Taking formal possession of the conquered areas, Guzmán named his conquered territory “Greater Spain.” However, twelve years later, the Spaniard administration renamed the region as Nueva Galicia (New Galicia). This new territory initially took in most of the present-day states of Zacatecas, Durango, Coahuila, Aguascalientes, San Luis Potosi, and Nayarit.
Reports of Guzmán’s brutal treatment of the indigenous people got the attention of the authorities in Mexico City. In 1536, he was arrested, imprisoned and put on trial. Two years later, his trial was removed to Spain, where he would die in poverty and disgrace. But the actions of this man would stir up hatred and resentment that would haunt the Spaniards for the rest of the Sixteenth Century.
The First Guadalajara
One of the earliest encounters that the Zacatecas Indians had with the Europeans took place in 1530 when Juan de Oñate, a lieutenant of the conquistador Nuño de Guzmán, began construction of a small town near the site of present-day Nochistlán in southern Zacatecas. Oñate called this small village La Villa de Espíritu Santo de Guadalajara in honor of the Spanish city where Guzmán had been born.
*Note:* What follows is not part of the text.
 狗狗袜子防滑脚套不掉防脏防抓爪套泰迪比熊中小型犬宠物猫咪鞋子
However, from the beginning, the small settlement had come under Indian attack and in 1531, the Indians of nearby Teul massacred the local Spanish garrison as well as the reinforcements dispatched to subdue them. Recognizing that the neighborhood was not very receptive to its Spanish neighbors, Guzmán, in 1533, decided to move Guadalajara to another site, closer to the center of the province. The City of Guadalajara – today the second largest urban center of Mexico – would be founded at its present location farther south in 1542.
La Gran Chichimeca
When the Spaniards started exploring Zacatecas in the 1520s and 1530s, they encountered several nomadic tribes occupying the area which they referred to as La Gran Chichimeca. The Aztecs had collectively referred to these Indians with the all-encompassing term, Chichimecas. The primary Chichimeca groups that occupied the present-day area of Zacatecas were the Zacatecos, Cazcanes, Tepehuanes and Guachichiles, and they had never been conquered by the Aztecs.
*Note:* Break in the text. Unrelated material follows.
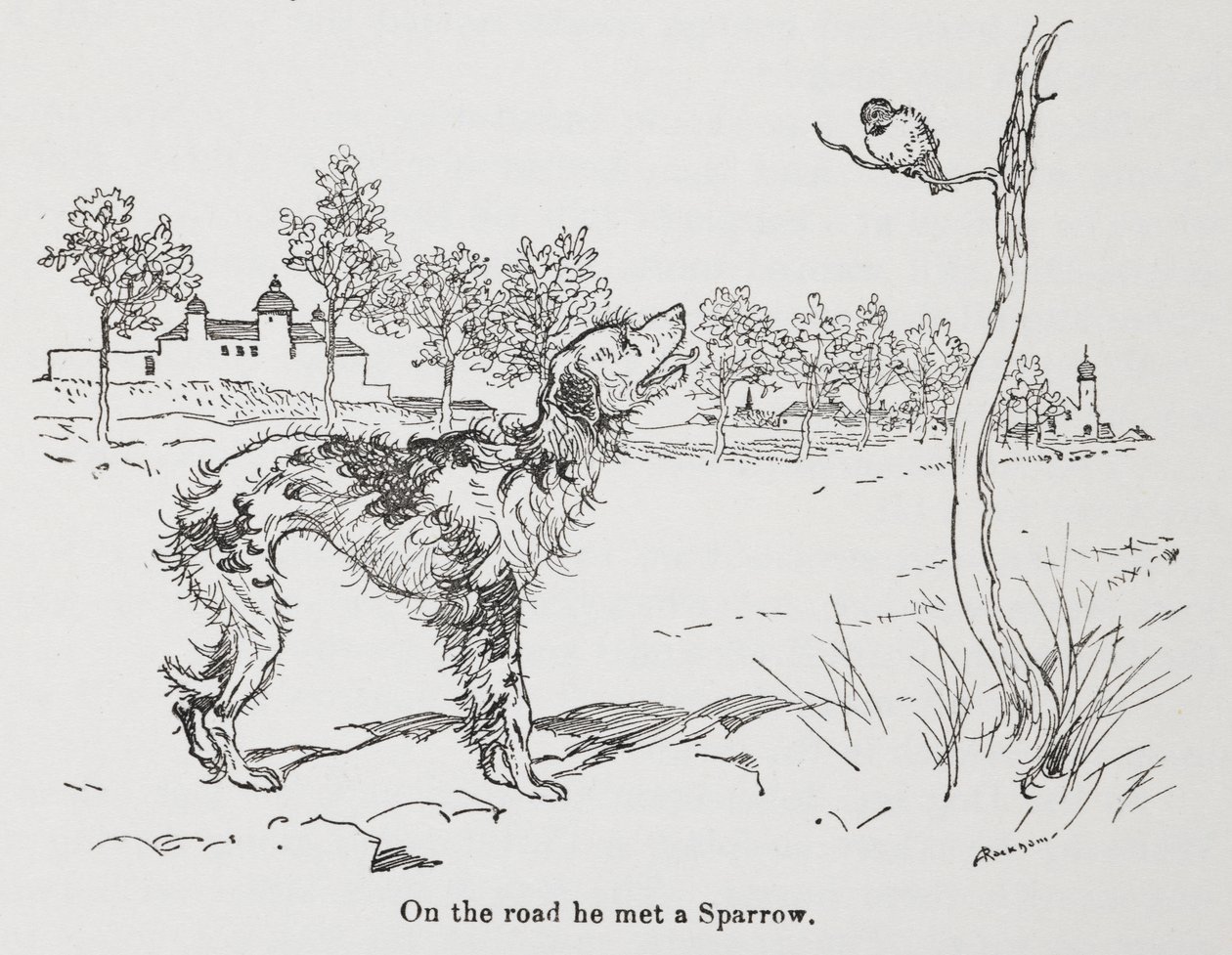 Koira ja varpunen. tekijältä Arthur Rackham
According to Eugene B. Sego’s Ph.D. dissertation, the Gran Chichimeca could be “roughly perceived by visualizing an imaginary line running west from the present-day site of Querétaro through Lake Chapala and Guadalajara, thence north to Durango, northeast to Saltillo, and then south along the Sierra Madre Oriental mountain range, to the point of beginning.” Its southern boundary lay only seventy miles north of Mexico City.
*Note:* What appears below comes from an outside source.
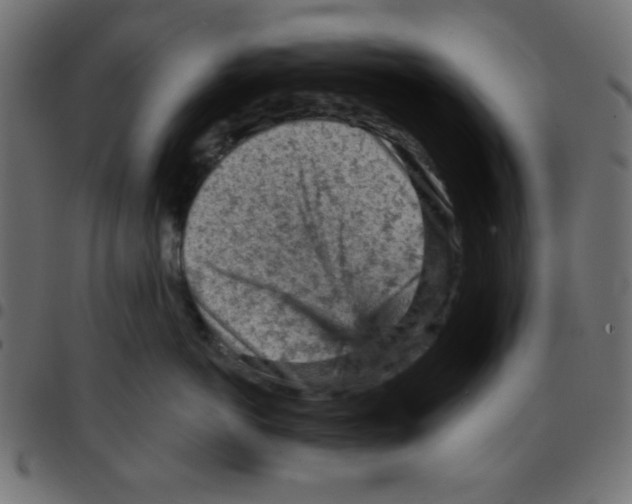 X0000096950766200803071028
All of the Chichimeca Indians shared a primitive hunting-collecting culture, based on the gathering of mesquite and tunas (the fruit of the nopal). However, many of them also lived off of acorns, roots and seeds. Many Chichimec tribes utilized the juice of the agave as a substitute for water when the latter was in short supply. The Chichimecas also hunted a large number of small animals, including frogs, lizards, snakes and worms. The map on the following pages shows the rough distribution of the Chichimecas across a seven-state region of central Mexico [Grin20, “Map Depicting Geographic Expanse of Chichimeca nations, ca. 1550” at Wikipedia, “Chichimeca War” (Published Jan. 4, 2012)].
The historian Philip Wayne Powell has written several books that dealt with the Chichimeca Indians and the Spanish encounter with these Indians. In his publication Soldiers Indians and Silver: North America’s First Frontier War, Mr. Powell noted that “Hernán Cortés, the Conqueror, defeated the Aztecs in a two-year campaign” but that his “stunning success created an illusion of European superiority over the Indian as a warrior.” Continuing with this line of thought, Mr. Powell observed that “this lightning-quick subjugation of such massive and complex peoples as the Tlaxcalan, Aztec, and Tarascan, proved to be but prelude to a far longer military struggle against the peculiar and terrifying prowess of Indian America’s more primitive warriors.”
Mixtón Rebellion (1540-1541)
In the spring of 1540, the Indian population of western Mexico began a fierce rebellion against the Spanish rule. The indigenous tribes living along today’s Three-Finger border region between Jalisco and Zacatecas led the way in fomenting the insurrection. In the hills near Teul and Nochistlán, the Indians attacked Spanish settlers and soldiers and destroyed churches.
By April of 1541, the Cazcanes of southern Zacatecas and northern Jalisco were waging a full-scale revolt against all symbols of Spanish rule. Pedro de Alvarado, the conqueror of Guatemala, hastened to Guadalajara in June 1541 with a force of 400 men. Refusing to await reinforcements, Alvarado led a direct attack against the Juchipila Indians near Nochistlán. On June 24, several thousand Indians attacked the Spaniards with such ferocity that they were forced to retreat with heavy losses. In this retreat, Alvarado was crushed when he fell under a horse. He died in Guadalajara from his injuries on July 4, 1541.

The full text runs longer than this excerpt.